4. Kwestie prawne i regulacyjne
Ekspertka podkreśla, że członkowie rządu nie tylko wygłaszają opinie na temat firm, lecz także tworzą prawa, które mają na nie wpływ. Podaje ona przykłady próby zakazania TikToka i w Stanach Zjednoczonych czy „nowych przepisów nakazujących ujawnienia wszystkich opłat”.
5. Wydajność i produkt
Ta kategoria dotyczy przypadków, w których dochodzi do problemów związanych np. ze znaczącym spadkiem cen akcji z powodu niskich zarobków firmy.
6. Przygotowanie odpowiedzi na pytania, które mogą się pojawić
Zdaniem McGee chodzi o odpowiednią organizację działań w obliczu kryzysu. Zgodnie z jej opinią, warto jest zebrać zasoby, które przydarzą się w kryzysowych okolicznościach. Mowa m.in. o kontaktach do rzeczników prasowych czy reporterów, z którymi regularnie współpracuje dana firma, oraz o tzw. „liście kontrolnej”, czyli zbiorze informacji, które będą potrzebne w obliczu trudności. Specjalistka zaleca również konsultacje z działami wewnątrz firmy. Radzi, by zapytać interesariuszy o ich obawy i wątpliwości w celu dostrzeżenia kwestii, które wymagają poprawy.

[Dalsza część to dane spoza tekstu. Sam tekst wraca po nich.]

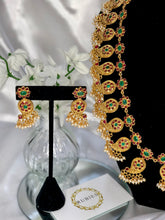 Load image into Gallery viewer, Rutvi Necklace Set
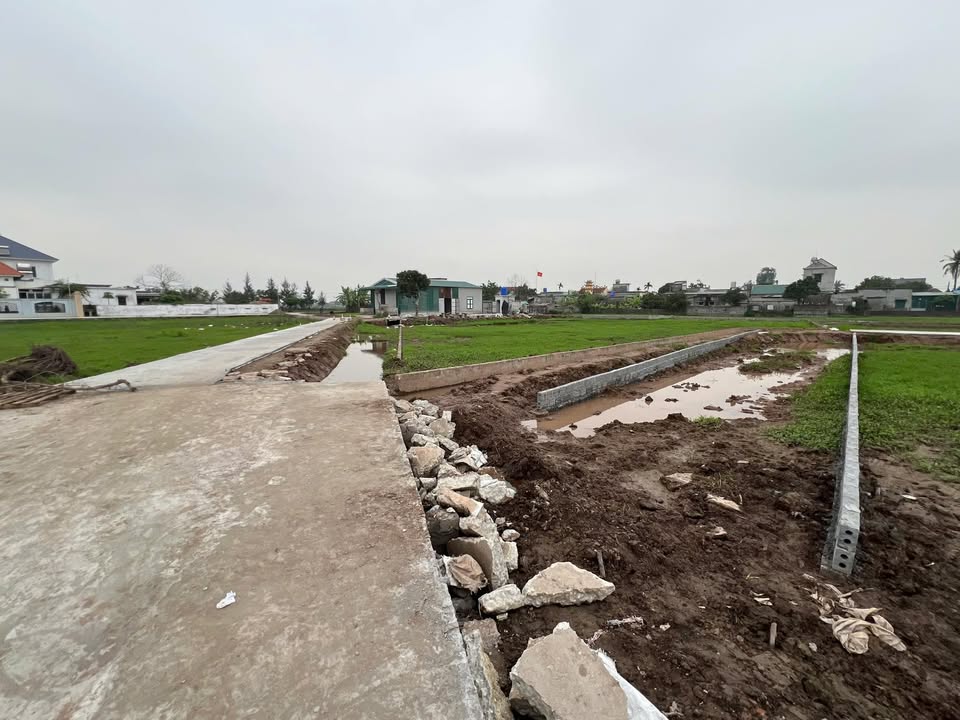 Đất bán Quang Bình, Kiến Xương 135m² - Đường rộng ô tô vào tận nơi!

Pracownica Instytutu Finansów Międzynarodowych podkreśla, że „nie spotkała się jeszcze z kryzysem, który nie podlegałby pod co najmniej jedną z tych kategorii”. Jednocześnie zauważa ona, że problemy, a co za tym idzie – potrzeby firm, będą różnić się w zależności od branży.
Czytaj więcej: Cyberbezpieczeństwo, polityka, ESG – tych obszarów mogą dotyczyć kryzysy w 2024 roku
McGee uważa, że warto „spojrzeć na przeszłość jak na prognozę przyszłości”, co pozwoli na zawężenie pola potencjalnych zagrożeń. Mowa m.in. o zweryfikowaniu, jakie były największe kryzysy komunikacyjne przedsiębiorstwa w ciągu ostatnich dziesięciu lat. Podkreśla ona, że wiele osób zapomina o wykonaniu tego rodzaju researchu.
Co więcej, ekspertka radzi, by osoby zarządzające kryzysami myślały o sobie jak o szefach kuchni przygotowujących się do pracy w godzinach szczytu restauracji. Twierdzi, że warto, aby ustaliły one swoje „mise en place” oraz upewniły się, że „wszystkie składniki są czyste, pokrojone i gotowe do włożenia do garnka”.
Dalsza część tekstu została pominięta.